Approach1

JerryWang · ‎03-22-2014

Approach1

Approach2

Approach3

Performance test result

The requirement is: there is an internal table with a large number of table row.

If all rows have the identical recipient_id, that id( 30273 ) must be returned.

UUID	Phone_number	Recipient_id
0412ASFDSFDSFXCVS	138XXXXX1	30273
0412ASFDSFDSFXCVD	138XXXXX2	30273
0412ASFDSFDSFXCVF	138XXXXX3	30273
…	…	30273

If not, it must return empty.

UUID	Phone_number	Recipient_id
0412ASFDSFDSFXCVS	138XXXXX1	30273
0412ASFDSFDSFXCVD	138XXXXX2	30273
0412ASFDSFDSFXCVF	138XXXXX3	30273
…	…	30272

The table line type structure in the project looks like below:

Three different solutions have been made.

Approach1

the idea is a temporary table lt_sms_status is used to hold all the content of the internal table to be checked, and then SORT on the temporary table and delete adjacent entries. If all the table row have the same recipient id, after the operation there must be only one entry left.

DATA: lt_sms_status LIKE it_tab.

lt_sms_status = it_tab.

SORT lt_sms_status BY recipient_id.

DELETE ADJACENT DUPLICATES FROM lt_sms_status COMPARING recipient_id.

IF lines( lt_sms_status ) = 1.

  READ TABLE it_tab ASSIGNING FIELD-SYMBOL(<line>) INDEX 1.

  ev_rec_id = <line>-recipient_id.

ENDIF.

The drawback of approach1 is it could lead to the unnecessary high memory assumption. when lt_sms_status = it_tab is executed, no new memory allocation will not occur, until the write operation on the copied content. This behavior is documented as "Delayed Copy".

We also have concern regarding the performance of SORT and DELETE keyword when they are executed on a big internal table.

Approach2

Now we fetch the recipient id of the first row, and compare it with the left rows in the table. If most of the table rows have different recipient id, the execution has the chance to quit early. However if unfortunately all the table rows have exactly the same recipient id, this approach has to loop until last table row.

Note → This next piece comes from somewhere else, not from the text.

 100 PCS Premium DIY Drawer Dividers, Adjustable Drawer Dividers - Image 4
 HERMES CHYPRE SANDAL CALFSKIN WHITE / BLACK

DATA: lv_diff_found TYPE abap_bool VALUE abap_false.

READ TABLE it_tab ASSIGNING FIELD-SYMBOL(<line>) INDEX 1.

DATA(lv_account_id) = <line>-recipient_id.

LOOP AT it_tab ASSIGNING FIELD-SYMBOL(<ls_line>).

  IF lv_account_id <> <ls_line>-recipient_id.

     lv_diff_found = abap_true.

     EXIT.

  ENDIF.

ENDLOOP.

IF lv_diff_found = abap_false.

  ev_rec_id = lv_account_id.

ENDIF.

Approach3

the idea is similar as approach2, now instead of manual comparison inside each LOOP, we leverage "LOOP AT XXX WHERE condition".

READ TABLE it_tab ASSIGNING FIELD-SYMBOL(<line>) INDEX 1.

LOOP AT it_tab ASSIGNING FIELD-SYMBOL(<ls_line>) WHERE recipient_id <> <line>-recipient_id.

ENDLOOP.

IF sy-subrc <> 0.

   ev_rec_id = <line>-recipient_id.

ENDIF.

In order to measure the performance, we construct two kinds of test case. In the first one, we generate the internal table with N rows, each has exactly the same recipient id. And for the second, each one has different. Both are extreme kinds of scenarios. We may consider to measure the case between these two, for example for a N rows table there are 50% table rows have the same id and another 50% have difference one.

Performance test result

The time spent is measured in microsecond.

N = 1000

For the first test case, approach3 is most efficient. For the second test case, approach2 is the winner, as we expected.

N = 10000

N = 100000

N = 1000000

N = 5000000

Based on the performance result, we do not consider approach1 any more. For the choice between approach2 and 3, we need to investigate on the distraction of recipient id in the real world.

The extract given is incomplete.